SPEAKER_02Um Yes, sir. Does it get into what it means today? Not what it meant back then?
SPEAKER_01Uh no, it sticks with just the New Testament and what it was like basically his argument against the replacement theology thing is uh they still made uh distinctions between Jews who believed and Jews who don't believe, so therefore they were still considered Jews. The church hadn't replaced them. That's like where all that's going. So I think I exited out, didn't I? Crap.
SPEAKER_02It's like the it's like there's always like this there's always like this this binary within it. It's like a cop out. I don't know, it's it's crazy.
SPEAKER_01Why is a binary a cop out?
SPEAKER_02Because you can pick pick either side based on who you're talking to to appease it.
SPEAKER_01Yeah, but what if you have a legitimate opinion though? Does that make it a cop out, or is it like fair if the opinion is real?
SPEAKER_02I mean you can have a real opinion, but it's like it can be used as a cop-out.
SPEAKER_01Yeah, I mean it can be, but I mean anything can be, so I I don't I don't guess I don't have an issue with there being such a thing as Jews.
SPEAKER_02Identify, identify, like I'll identify as white, you know, like yeah, we have methods, we have, but I'm not gonna be like, oh well, I'm I'm this kind of white person, not that kind of like white person. You know, it's like no just identify as what you are if that's what you want to do.

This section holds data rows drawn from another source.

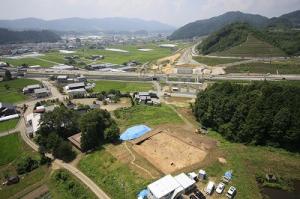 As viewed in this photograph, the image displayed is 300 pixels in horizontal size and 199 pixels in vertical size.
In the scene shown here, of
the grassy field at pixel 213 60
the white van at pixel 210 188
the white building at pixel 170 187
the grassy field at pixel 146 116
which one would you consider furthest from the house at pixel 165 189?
the grassy field at pixel 213 60

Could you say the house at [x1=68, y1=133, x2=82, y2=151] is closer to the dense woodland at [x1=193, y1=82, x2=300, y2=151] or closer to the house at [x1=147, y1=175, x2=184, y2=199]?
the house at [x1=147, y1=175, x2=184, y2=199]

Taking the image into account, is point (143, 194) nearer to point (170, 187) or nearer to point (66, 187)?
point (170, 187)

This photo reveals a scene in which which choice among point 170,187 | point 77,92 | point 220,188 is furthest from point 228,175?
point 77,92

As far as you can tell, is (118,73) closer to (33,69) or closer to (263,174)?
(33,69)

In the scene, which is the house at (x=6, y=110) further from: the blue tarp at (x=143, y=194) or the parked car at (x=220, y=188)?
the parked car at (x=220, y=188)

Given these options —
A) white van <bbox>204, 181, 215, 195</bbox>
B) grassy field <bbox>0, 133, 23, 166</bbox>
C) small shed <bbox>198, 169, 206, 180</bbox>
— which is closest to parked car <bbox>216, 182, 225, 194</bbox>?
white van <bbox>204, 181, 215, 195</bbox>

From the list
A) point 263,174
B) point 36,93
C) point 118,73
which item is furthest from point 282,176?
point 118,73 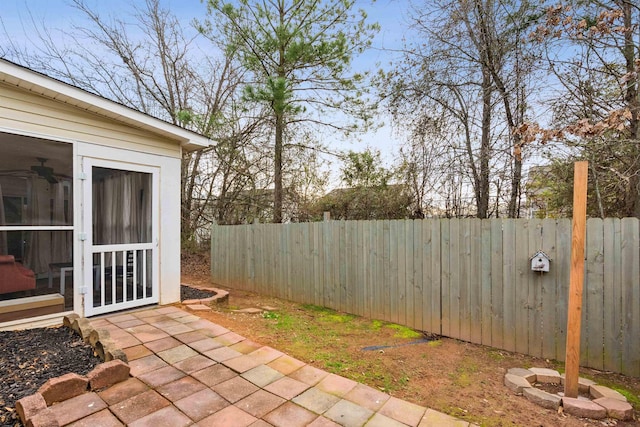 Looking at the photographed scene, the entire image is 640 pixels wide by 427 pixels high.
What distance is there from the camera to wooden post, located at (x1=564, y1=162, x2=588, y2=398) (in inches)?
93.1

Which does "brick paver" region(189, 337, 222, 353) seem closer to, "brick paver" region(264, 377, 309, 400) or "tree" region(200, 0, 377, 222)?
"brick paver" region(264, 377, 309, 400)

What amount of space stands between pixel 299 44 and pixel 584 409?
6993 millimetres

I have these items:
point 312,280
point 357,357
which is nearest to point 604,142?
point 357,357

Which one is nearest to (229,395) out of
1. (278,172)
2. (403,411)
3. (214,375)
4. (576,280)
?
(214,375)

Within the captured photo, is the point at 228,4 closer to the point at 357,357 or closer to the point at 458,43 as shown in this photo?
the point at 458,43

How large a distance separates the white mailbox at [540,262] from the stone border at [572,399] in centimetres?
92

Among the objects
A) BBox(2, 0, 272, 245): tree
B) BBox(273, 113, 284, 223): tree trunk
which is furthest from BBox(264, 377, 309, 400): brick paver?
BBox(2, 0, 272, 245): tree

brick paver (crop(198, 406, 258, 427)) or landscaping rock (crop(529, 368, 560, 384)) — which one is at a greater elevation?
brick paver (crop(198, 406, 258, 427))

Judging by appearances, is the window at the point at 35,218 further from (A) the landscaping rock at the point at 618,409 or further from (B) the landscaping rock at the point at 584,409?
(A) the landscaping rock at the point at 618,409

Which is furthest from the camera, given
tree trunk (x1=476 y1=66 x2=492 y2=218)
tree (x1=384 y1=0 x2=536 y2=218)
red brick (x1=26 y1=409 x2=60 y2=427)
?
tree trunk (x1=476 y1=66 x2=492 y2=218)

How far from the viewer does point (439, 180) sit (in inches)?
237

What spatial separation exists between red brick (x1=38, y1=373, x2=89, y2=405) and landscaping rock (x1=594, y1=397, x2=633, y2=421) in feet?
11.7

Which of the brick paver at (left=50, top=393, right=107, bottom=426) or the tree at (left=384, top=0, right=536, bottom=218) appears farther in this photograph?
the tree at (left=384, top=0, right=536, bottom=218)

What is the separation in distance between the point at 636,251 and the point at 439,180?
11.1 ft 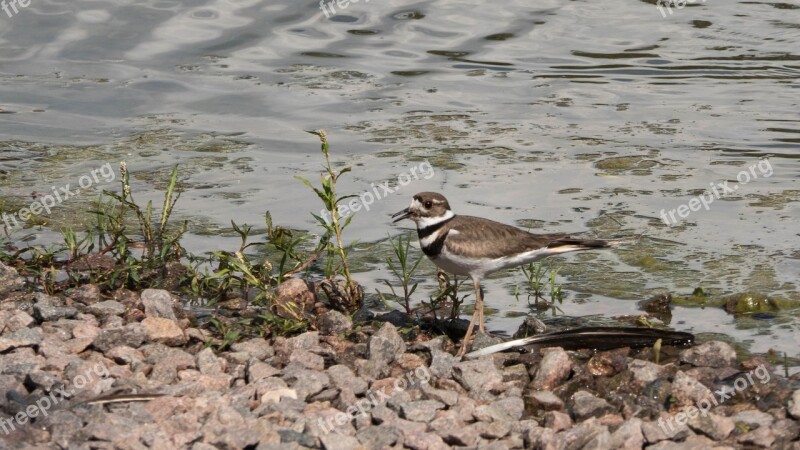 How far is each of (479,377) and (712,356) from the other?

SPEAKER_01I think I understand what you're saying. So like your aggravation is just the willingness for people to take like an identity at all. Like I I mean I'm not being derogatory, I think.
SPEAKER_02Yeah, I yeah, like like just stand in your boots, man.
SPEAKER_01Like I understand what you're saying. Um, you know, I'm Scottish, but I hate golf. I mean, you know. So I mean I don't only a true Scotsman. Yeah, yeah. You know, I I wouldn't be caught dead in a kilt. I wouldn't subject humanity to me in a kilt. So um no, I understand what you're saying. Uh I like the way the founders, you know, viewed America. You know, we're a people with a creed. You know, what gives us our inherent value is the fact that we have a creed. All men are created equal, endowed with certain inalienable rights. So our den our identity was our creed, as it were, not our blood or some superficial thing that we had nothing to do with. You know, I like that. Um I think the Jews are kind of in a unique place because their culture was uh used to basically isolate them from the rest of the world to protect the bloodline of the Messiah. I think they had a very specific role in history. I think they're in a kind of a unique cultural situation. But I understand what you're saying, and I would certainly apply that for myself. You know, I don't have any interest in being Cherokee or Scottish or German or anything like that. So Yeah.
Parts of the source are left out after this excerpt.